A full baseline-LD model including 24 publicly available annotations that are not specific to any cell type. When performing this model, we adjusted for MAF via MAF-stratified quantile-normalized LD score, and other LD-related annotations such as predicted allele age and recombination rate, as implemented by Gazal et al.24. Briefly, the 24 annotations included coding, 3′UTR and 5′UTR, promoter and intronic regions, obtained from UCSC Genome Browser and post-processed by Gusev et al.55; the histone marks mono-methylation (H3K4me1) and tri-methylation of histone H3 at lysine 4 (H3K4me3), acetylation of histone H3 at lysine 9 (H3K9ac) processed by Trynka et al.56,57,58 and two versions of acetylation of histone H3 at lysine 27 (H3K27ac, one version processed by Hnisz et al.59, another used by the Psychiatric Genomics Consortium (PGC)60); open chromatin, as reflected by DNase I hypersensitivity sites (DHSs and fetal DHSs)55, obtained as a combination of ENCODE and Roadmap Epigenomics data, processed by Trynka et al.58; combined chromHMM and Segway predictions obtained from Hoffman et al.61, which make use of many annotations to produce a single partition of the genome into seven underlying chromatin states (The CCCTC-binding factor (CTCF), promoter-flanking, transcribed, transcription start site (TSS), strong enhancer, weak enhancer categories, and the repressed category); regions that are conserved in mammals, obtained from Lindblad-Toh et al.40 and post-processed by Ward and Kellis62; super-enhancers, which are large clusters of highly active enhancers, obtained from Hnisz et al.59; FANTOM5 enhancers with balanced bi-directional capped transcripts identified using cap analysis of gene expression in the FANTOM5 panel of samples, obtained from Andersson et al.63; digital genomic footprint (DGF) and transcription factor binding site (TFBS) annotations obtained from ENCODE and post-processed by Gusev et al.55

2. 2.

In addition to the baseline-LD model, we also performed analyses using 220 cell-type-specific annotations for the four histone marks H3K4me1, H3K4me3, H3K9ac, and H3K27ac.
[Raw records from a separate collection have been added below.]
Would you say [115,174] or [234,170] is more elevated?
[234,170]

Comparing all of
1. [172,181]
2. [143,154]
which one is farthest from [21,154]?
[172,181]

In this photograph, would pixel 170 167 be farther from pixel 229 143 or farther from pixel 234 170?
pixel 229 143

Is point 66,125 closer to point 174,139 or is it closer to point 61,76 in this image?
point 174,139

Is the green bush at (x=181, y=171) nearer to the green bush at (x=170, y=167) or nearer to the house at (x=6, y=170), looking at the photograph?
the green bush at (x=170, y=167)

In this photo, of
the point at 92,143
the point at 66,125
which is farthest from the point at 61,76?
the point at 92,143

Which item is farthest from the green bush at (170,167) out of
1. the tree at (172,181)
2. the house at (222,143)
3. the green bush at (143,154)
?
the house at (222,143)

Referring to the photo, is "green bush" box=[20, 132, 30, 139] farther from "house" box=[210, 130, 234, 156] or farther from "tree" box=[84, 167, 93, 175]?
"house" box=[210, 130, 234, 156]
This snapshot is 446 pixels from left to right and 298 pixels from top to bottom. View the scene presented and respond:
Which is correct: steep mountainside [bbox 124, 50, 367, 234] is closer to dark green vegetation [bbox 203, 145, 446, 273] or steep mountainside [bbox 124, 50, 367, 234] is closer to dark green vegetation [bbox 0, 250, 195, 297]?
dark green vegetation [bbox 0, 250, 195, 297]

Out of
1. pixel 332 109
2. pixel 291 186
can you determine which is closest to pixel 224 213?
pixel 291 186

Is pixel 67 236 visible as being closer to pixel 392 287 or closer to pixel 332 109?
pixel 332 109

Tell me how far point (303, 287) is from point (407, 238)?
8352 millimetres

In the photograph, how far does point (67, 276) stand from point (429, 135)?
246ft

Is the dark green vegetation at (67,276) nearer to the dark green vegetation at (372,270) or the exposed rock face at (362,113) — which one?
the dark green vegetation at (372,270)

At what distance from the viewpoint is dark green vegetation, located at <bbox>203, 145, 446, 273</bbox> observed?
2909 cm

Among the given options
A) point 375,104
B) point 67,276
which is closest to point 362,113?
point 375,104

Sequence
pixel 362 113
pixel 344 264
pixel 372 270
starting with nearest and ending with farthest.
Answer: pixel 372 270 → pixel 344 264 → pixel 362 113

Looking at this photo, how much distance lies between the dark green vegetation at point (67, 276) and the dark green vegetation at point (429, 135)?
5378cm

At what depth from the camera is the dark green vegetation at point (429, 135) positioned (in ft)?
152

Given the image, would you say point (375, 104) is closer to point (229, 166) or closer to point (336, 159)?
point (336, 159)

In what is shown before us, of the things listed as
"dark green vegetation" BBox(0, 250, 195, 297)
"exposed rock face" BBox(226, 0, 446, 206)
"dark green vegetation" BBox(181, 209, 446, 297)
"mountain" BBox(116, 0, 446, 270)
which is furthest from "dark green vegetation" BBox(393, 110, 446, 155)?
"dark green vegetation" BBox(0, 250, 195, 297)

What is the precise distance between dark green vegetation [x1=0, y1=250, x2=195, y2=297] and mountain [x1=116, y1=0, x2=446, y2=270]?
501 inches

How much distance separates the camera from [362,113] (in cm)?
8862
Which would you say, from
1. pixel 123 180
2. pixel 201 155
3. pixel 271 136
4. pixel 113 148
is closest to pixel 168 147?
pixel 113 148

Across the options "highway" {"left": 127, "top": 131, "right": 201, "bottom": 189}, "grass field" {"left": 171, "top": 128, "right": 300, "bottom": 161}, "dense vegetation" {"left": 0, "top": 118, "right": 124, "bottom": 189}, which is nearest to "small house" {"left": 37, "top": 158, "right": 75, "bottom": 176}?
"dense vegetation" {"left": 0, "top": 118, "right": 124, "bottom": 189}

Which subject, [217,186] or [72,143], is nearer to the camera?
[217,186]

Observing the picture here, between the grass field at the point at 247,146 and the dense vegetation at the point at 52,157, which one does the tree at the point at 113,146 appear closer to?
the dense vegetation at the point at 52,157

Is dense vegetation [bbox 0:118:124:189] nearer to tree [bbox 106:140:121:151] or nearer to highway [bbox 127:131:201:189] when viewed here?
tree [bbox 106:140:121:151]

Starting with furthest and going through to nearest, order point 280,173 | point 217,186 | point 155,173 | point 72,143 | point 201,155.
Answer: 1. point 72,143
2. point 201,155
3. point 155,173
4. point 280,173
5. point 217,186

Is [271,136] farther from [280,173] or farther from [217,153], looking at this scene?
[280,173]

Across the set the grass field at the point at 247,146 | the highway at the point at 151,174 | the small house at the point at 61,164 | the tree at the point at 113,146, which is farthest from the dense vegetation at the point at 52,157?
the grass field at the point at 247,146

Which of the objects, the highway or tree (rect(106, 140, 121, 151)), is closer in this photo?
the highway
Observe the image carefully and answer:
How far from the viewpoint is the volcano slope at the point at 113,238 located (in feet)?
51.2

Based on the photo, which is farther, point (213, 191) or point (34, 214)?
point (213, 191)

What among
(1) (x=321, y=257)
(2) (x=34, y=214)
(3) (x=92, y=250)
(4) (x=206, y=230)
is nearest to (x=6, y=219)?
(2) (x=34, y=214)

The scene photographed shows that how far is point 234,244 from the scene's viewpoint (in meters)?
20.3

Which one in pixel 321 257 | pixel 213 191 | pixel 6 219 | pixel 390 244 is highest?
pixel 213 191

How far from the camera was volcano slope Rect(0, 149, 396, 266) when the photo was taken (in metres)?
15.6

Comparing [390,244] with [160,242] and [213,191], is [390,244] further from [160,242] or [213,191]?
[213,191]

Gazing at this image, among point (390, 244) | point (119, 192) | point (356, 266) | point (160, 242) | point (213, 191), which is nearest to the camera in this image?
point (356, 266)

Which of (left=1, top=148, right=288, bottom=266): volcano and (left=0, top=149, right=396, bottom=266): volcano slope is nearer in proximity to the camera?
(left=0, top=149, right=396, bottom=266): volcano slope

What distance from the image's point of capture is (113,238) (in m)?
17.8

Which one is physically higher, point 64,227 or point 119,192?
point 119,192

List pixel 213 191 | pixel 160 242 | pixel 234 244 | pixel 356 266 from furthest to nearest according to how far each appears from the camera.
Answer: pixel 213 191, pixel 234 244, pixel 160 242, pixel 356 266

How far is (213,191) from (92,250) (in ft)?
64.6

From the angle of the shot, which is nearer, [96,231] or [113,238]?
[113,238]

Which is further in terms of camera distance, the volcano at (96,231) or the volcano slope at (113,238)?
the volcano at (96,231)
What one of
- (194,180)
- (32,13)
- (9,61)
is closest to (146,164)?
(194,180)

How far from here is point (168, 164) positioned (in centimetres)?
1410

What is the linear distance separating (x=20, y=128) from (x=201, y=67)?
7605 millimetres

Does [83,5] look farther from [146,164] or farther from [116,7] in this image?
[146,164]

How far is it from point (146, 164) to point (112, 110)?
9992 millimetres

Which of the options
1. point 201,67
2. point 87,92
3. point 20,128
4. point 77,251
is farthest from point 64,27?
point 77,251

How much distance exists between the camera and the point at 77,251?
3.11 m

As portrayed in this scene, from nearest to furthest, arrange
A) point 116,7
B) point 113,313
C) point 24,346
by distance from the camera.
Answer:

Each cell-type-specific annotation corresponds to a histone mark in a single cell type (for example, H3K27ac in CD19 immune cells), and there were 220 such annotations in total. We further divided these 220 cell-type-specific annotations into 10 groups (adrenal and pancreas, central nervous system (CNS), cardiovascular, connective and bone, gastrointestinal, immune and hematopoietic, kidney, liver, skeletal muscle, and other) by taking a union of the cell-type-specific annotations within each group (for example, SNPs with any of the four histone modifications in any hematopoietic and immune cells were considered as one big category). When generating the cell-type-specific models, we added annotations individually to the baseline model, creating 220 separate models.

We performed a random-effects meta-analysis of the proportion of heritability over six cancers for each functional category. We set significance thresholds for individual annotations at p < 0.05/24 for baseline model and at p < 0.05/220 for cell-type-specific annotation.